Многие годы вины. Мой брат гордился мною и навсегда остался моей тенью, хотя в этом не было необходимости, потому что по своим человеческим качествам он был лучше меня. Эдмунд, как тень, последовал за мной в Лондон, хотел стать актером, хотел стать мной. Мне нужно было бы его поддержать, когда сердце его было разбито любовью. Ведь я же был его старшим братом, но, как всегда, моя собственная проклятая жизнь встала у меня на пути, а теперь он умер, и запоздалая любовь — последний тщетный флаг человечности — взметнулась болью, чтобы сказать ушедшей душе то, что многие годы хотелось, но никогда не удавалось.
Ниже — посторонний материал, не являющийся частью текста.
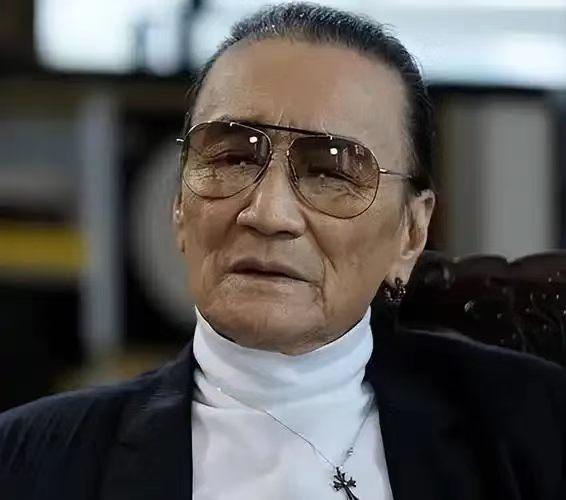 在一次节目中，谢贤调侃说：“当年我花了4000W投资了个酒吧，3年就赔完了。如果
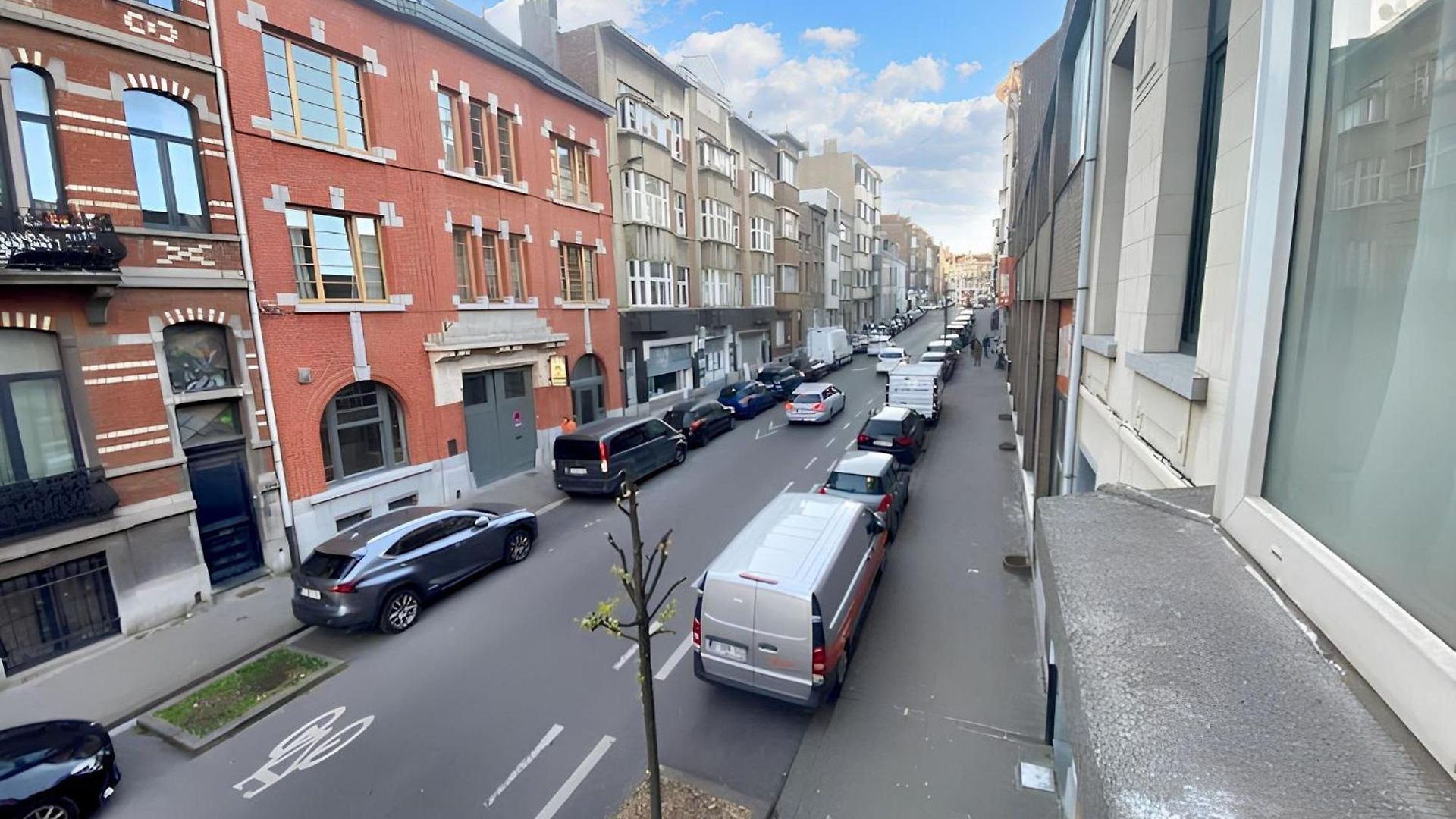 Apartment Modern In Molenbeek-saint-jean / 77 M² / Parking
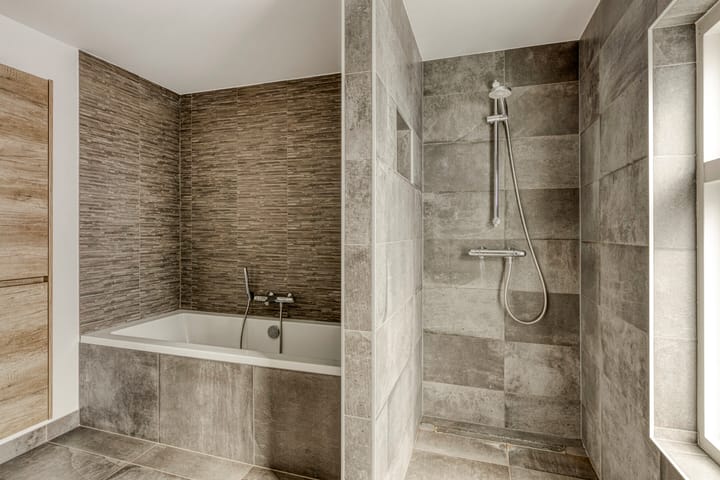 Photo 24 of Vlassert 5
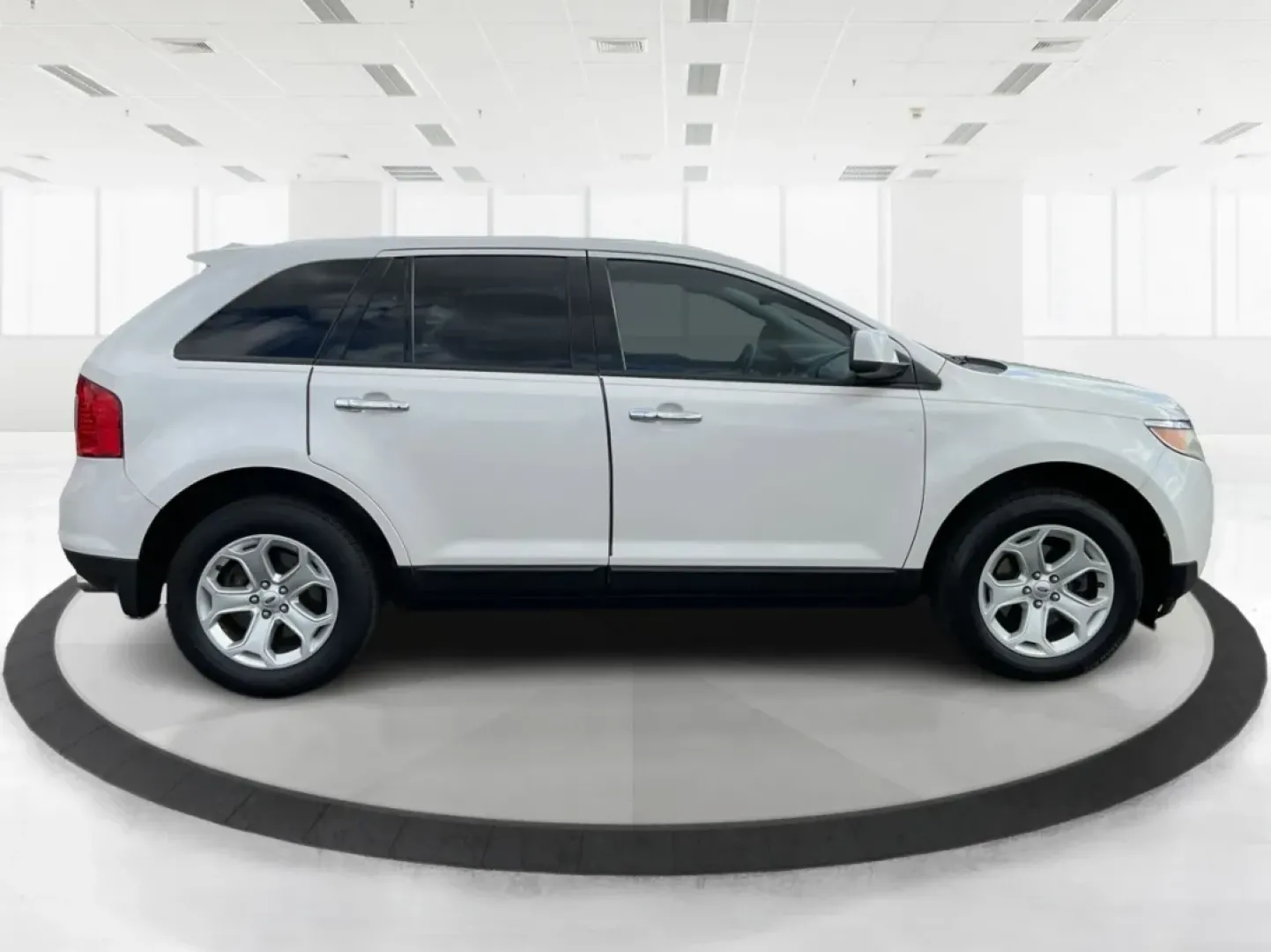 2011 Ford Edge SEL FWD (2FMDK3JC4BB) with an 3.5L V6 DOHC 24V engine, 6-Speed Automatic transmission, located at 8750 N County Rd 25A, Piqua, OH, 45356, (937) 908-9800, 40.164391, -84.232513 - **Experience the Ultimate Family Adventure with the 2011 Ford Edge SEL at Advantage Car and Credit - Riverside!**<br /> <br /> Are you ready to embark on your next family road trip or weekend adventure? The 2011 Ford Edge SEL is your perfect companion for all of life's journeys, whether you're headi - Photo#1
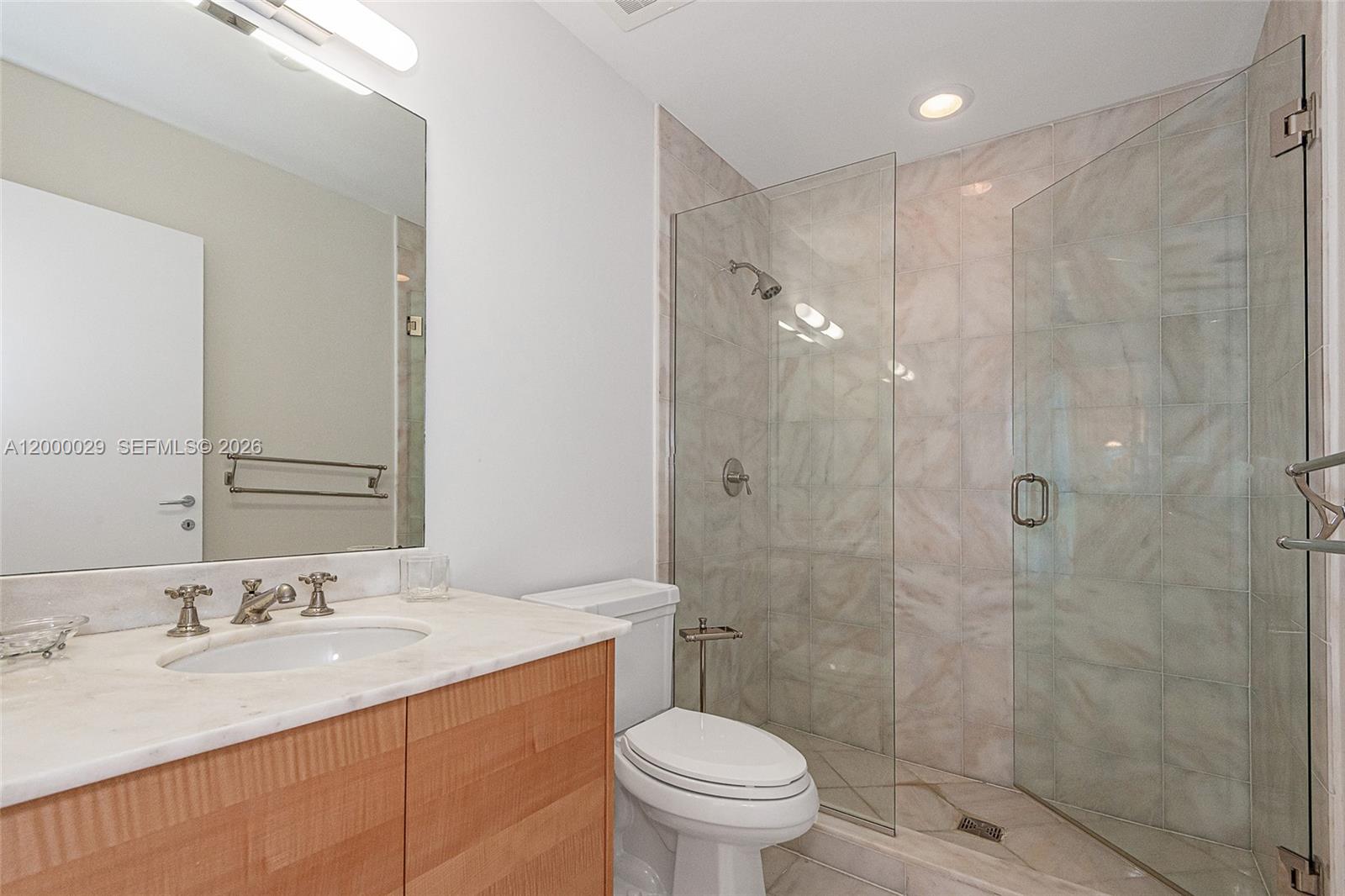 50 S Pointe Dr #1804, Miami Beach FL 33139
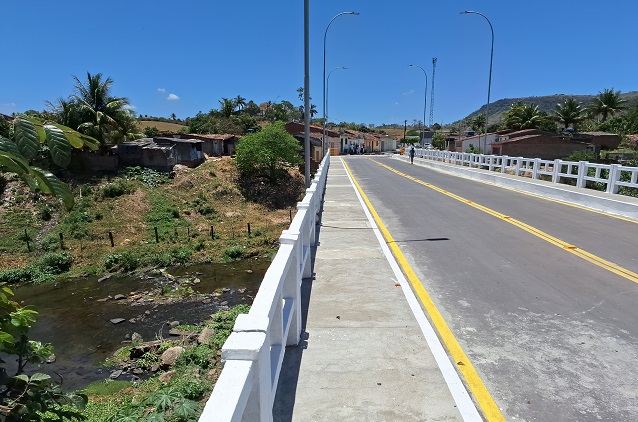 Ponte paulo Jacinto capa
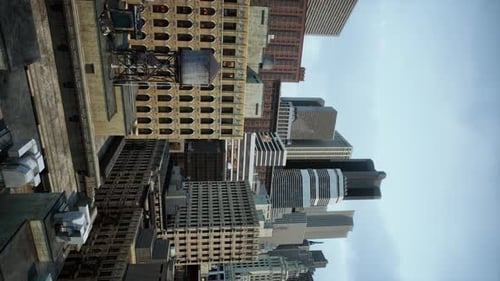 Impresionante vista vertical de la ciudad de Nueva York desde una azotea en el centro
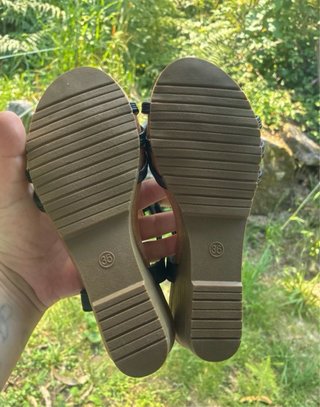 Sandalias HF Shoes piel con abalorios madera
В последний день года пришлось попотеть не могильщику, а одинокому звонарю, который поднялся на колокольню Святого Спасителя в Саутуарке и ухватился за веревку двухтонного колокола у себя над головой. Руки его, должно быть, посинели в белом морозном воздухе высоко в небе. А далеко внизу на Темзе народ взглянул вверх — лоточники, игроки в футбол, цирюльники, устроители медвежьей потехи и закоченелые шлюхи. Последние обратили на него внимание только потому, что, очевидно, хоронили богатея, не с такой зараженной плотью, как их собственная, а того, у кого есть деньги, чтобы заплатить за большой колокол. Душа шлюхи не удостоится такого звона, когда ее сифилитический труп отправится в безымянный участок земли в тишине, нарушаемой лишь стуком лопаты могильщика и его ругательствами.

Эдмунда похоронили в «актерской» стороне церкви. Он был всего лишь безобидной тенью, которая ненадолго стала актером на подмостках. Всего лишь три дня назад мы играли перед королем в Уайтхолле. Наши реплики еще звучали у нас в ушах, а мы уже стояли, думая о вечернем выступлении в «Глобусе», на который из-за мороза придет лишь кучка зрителей. Актерам приходилось немногим лучше, чем замерзшей подо льдом рыбе, — по крайней мере, вернувшись с похорон Эдмунда, мы все еще были живы. Но выручки у нас было не больше, чем у безработных матерящихся лодочников. Мне было все равно. После смерти брата мне все стало безразлично. После его смерти я начал ждать своей собственной.